Ok so this weekend has brought new information. I once again tested the battery voltage drop and it is fine. The battery is holding a charge well and is responding well under load. There is no signal coming to the power wire that trips the starter solenoid, the always hot 12 volt is indeed hot. I once again went through the wiring, fuses and relays and tested all with a meter, they all check out. My code reader still shows all is good. I literally cannot find anything wrong with the car. I hit the start button and jumped the starter myself to turn the car over, but then noticed that neither the spark plugs and fuel injectors are getting power, even though the motor is turning over fine. So now I am back to, the ecu is interrupting the starting circuit for some reason.


----------



## ChevyGuy (Dec 13, 2014)

Curious.

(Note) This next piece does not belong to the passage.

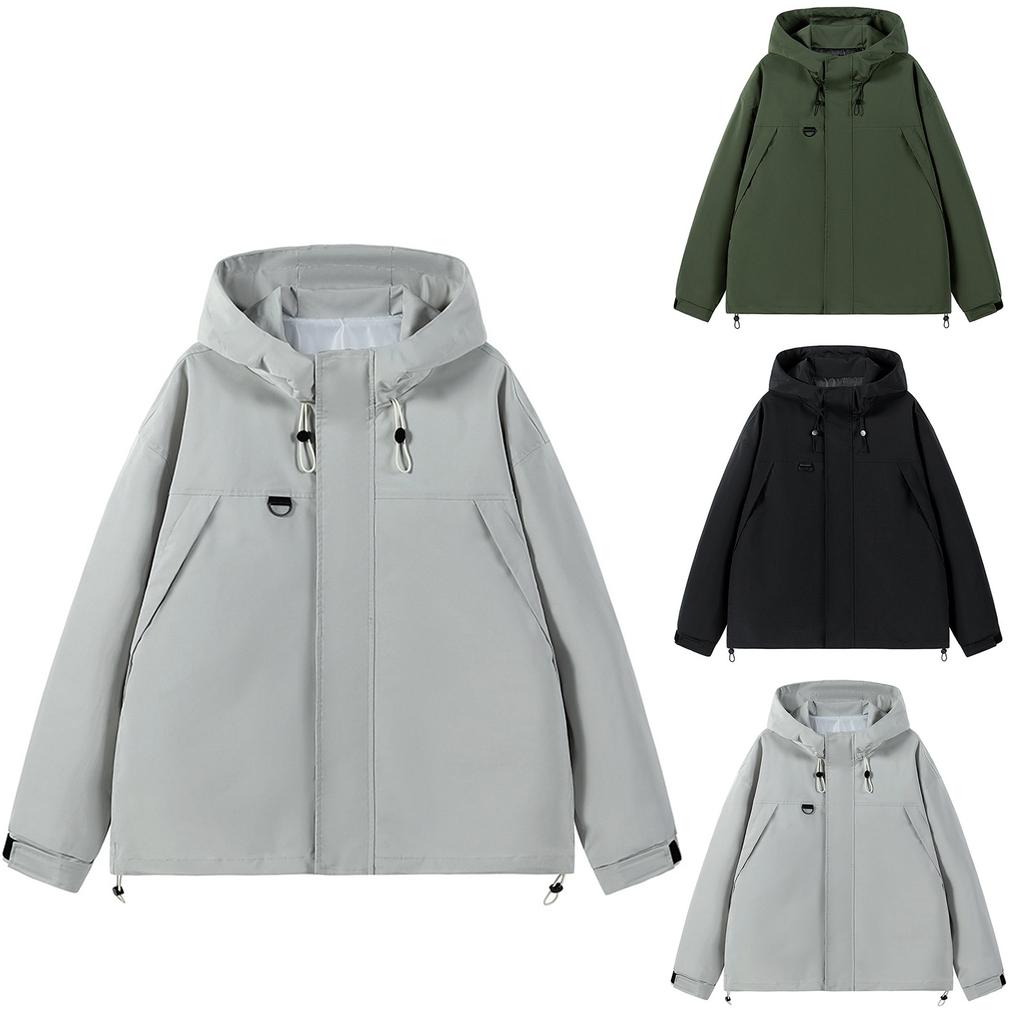 Men's Windproof And Scrawnproof Outdoor Overalls Loose Casual Hooded Jackets Are Fashionable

And you're not getting any kind of theft alert? 

When you push the button, the car sends a signal to the fob. The fob responds, and if it's the right response, then the computer is happy to start the car.

Does the car respond normally to the push buttons on the fob? Can you lock/unlock the car by pressing the button on the outside door handle with the fob in your pocket? (Showing the fob is responding to the car's computer signal).

If I had to guess, the antenna that send to the command to the fob might be bad, causing the car to act as if the fob wasn't present. Note this is a different antenna than is used for opening the door or trunk. This might set a code, but perhaps not a CEL.


----------



## SuperDaveDuex (Oct 12, 2018)

ChevyGuy said:


> Curious. And you're not getting any kind of theft alert?
> 
> When you push the button, the car sends a signal to the fob. The fob responds, and if it's the right response, then the computer is happy to start the car.
> 
> ...


Both of my fobs respond the same way. I can unlock/lock the doors with the buttons on the fob, if I have either fob in my pocket, I can walk up and pull the door handle and it will unlock like it should. If I take the fob out of my pocket and set it outside the car a bit away, the door will not unlock and if I hit the start button, it presents a message that no detectable key fob can be found. The security light in the middle of the dash works as it should and does not flash when I am trying to start the car. Is it possible it is setting a code that I cannot see with my code reader? Another thing that is odd, is that I cannot move the gear selector in accessory mode, like I could before. In order to get it out of park I have to hold the brake in and hit the button like I am starting it, then hit the start button one more time, then I can move the gear selector.


----------



## jblackburn (Apr 14, 2012)

Maybe I missed it but have you tried neutral or moving the gear selector at the transmission manually like this? 










Shift to Park lock problem


Once I can get a break in the weather I will be seeing my dealer for a fix to this strange problem. Once I shut the engine off with the shift level in park this is what appears on the display ( Shift to Park)it cannot be cleared-the door will not lock so we can walk away from the car having the...




www.cruzetalk.com





Sent from my SM-G950U using Tapatalk


----------



## ChevyGuy (Dec 13, 2014)

SuperDaveDuex said:


> Another thing that is odd, is that I cannot move the gear selector in accessory mode, like I could before. In order to get it out of park I have to hold the brake in and hit the button like I am starting it, then hit the start button one more time, then I can move the gear selector.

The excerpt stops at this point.